Task item ▸ Images excepted, the data below must be repeated exactly.

Information supplied ▸

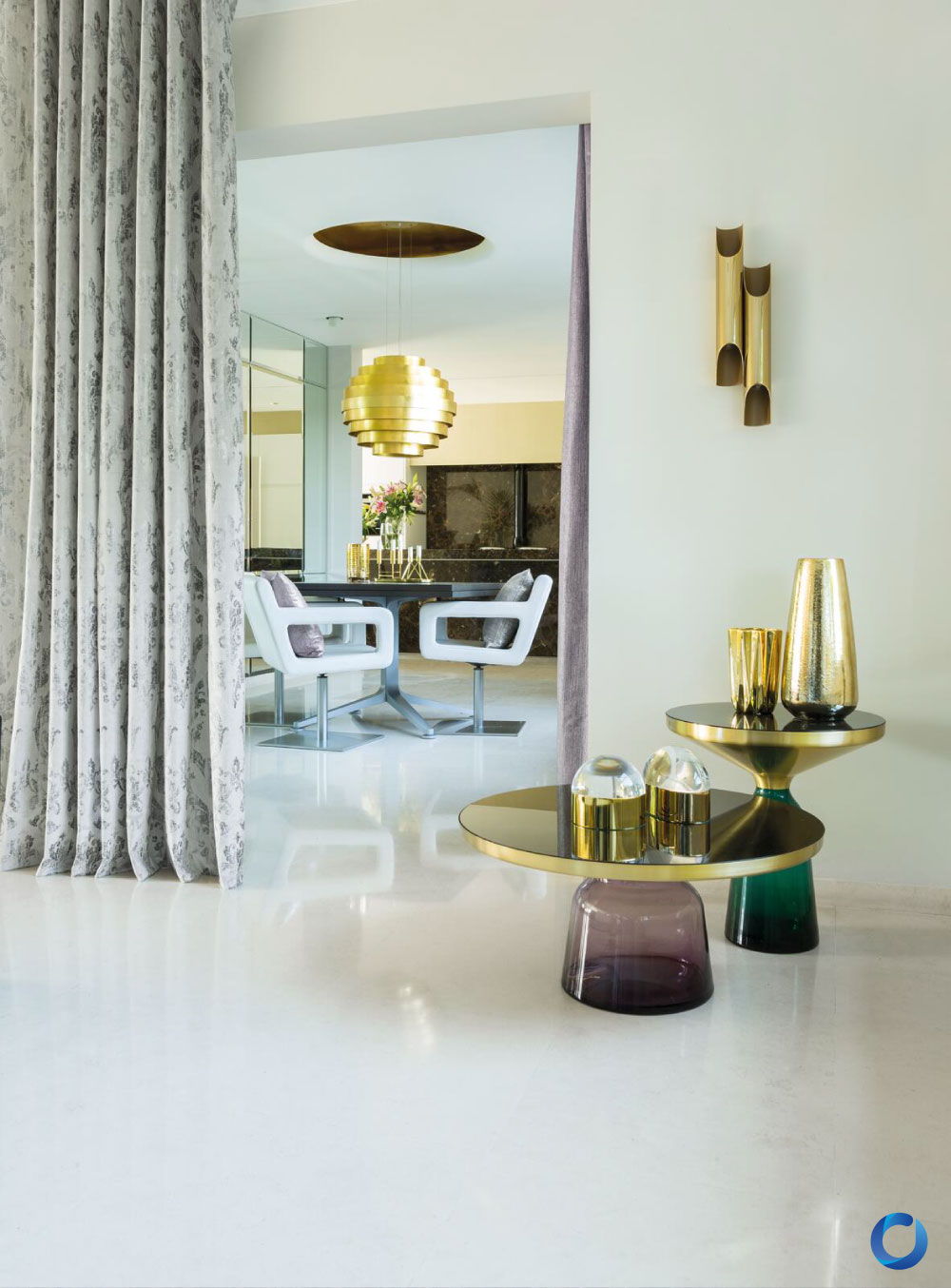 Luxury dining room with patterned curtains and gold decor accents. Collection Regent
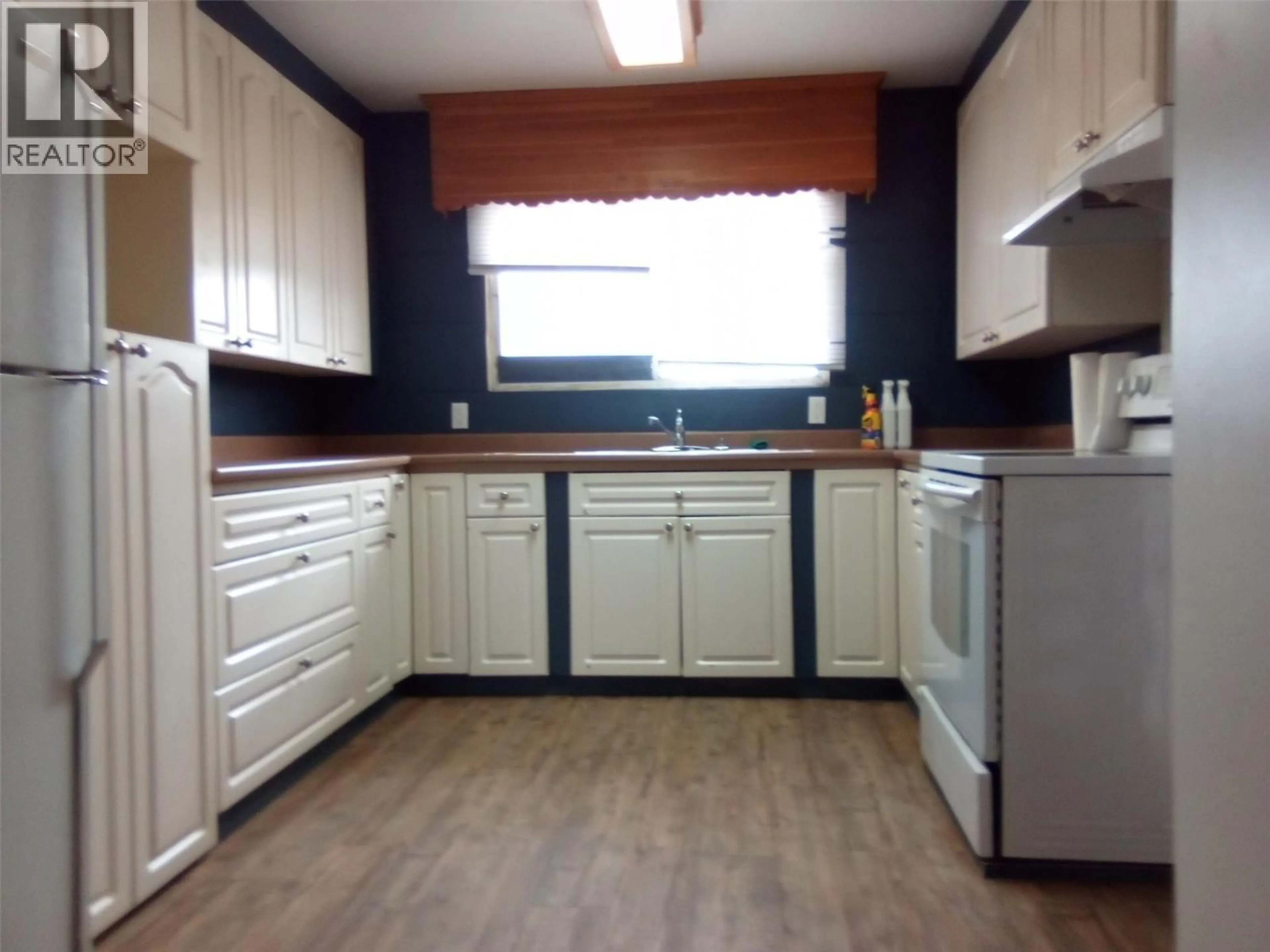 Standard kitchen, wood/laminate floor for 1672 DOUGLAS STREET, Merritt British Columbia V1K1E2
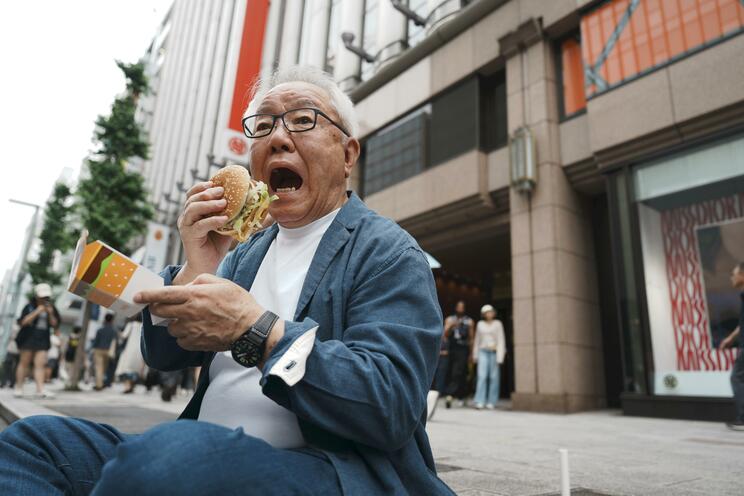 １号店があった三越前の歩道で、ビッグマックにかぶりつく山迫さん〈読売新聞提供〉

Output of the task ▸
 Luxury dining room with patterned curtains and gold decor accents. Collection Regent
 Standard kitchen, wood/laminate floor for 1672 DOUGLAS STREET, Merritt British Columbia V1K1E2
 １号店があった三越前の歩道で、ビッグマックにかぶりつく山迫さん〈読売新聞提供〉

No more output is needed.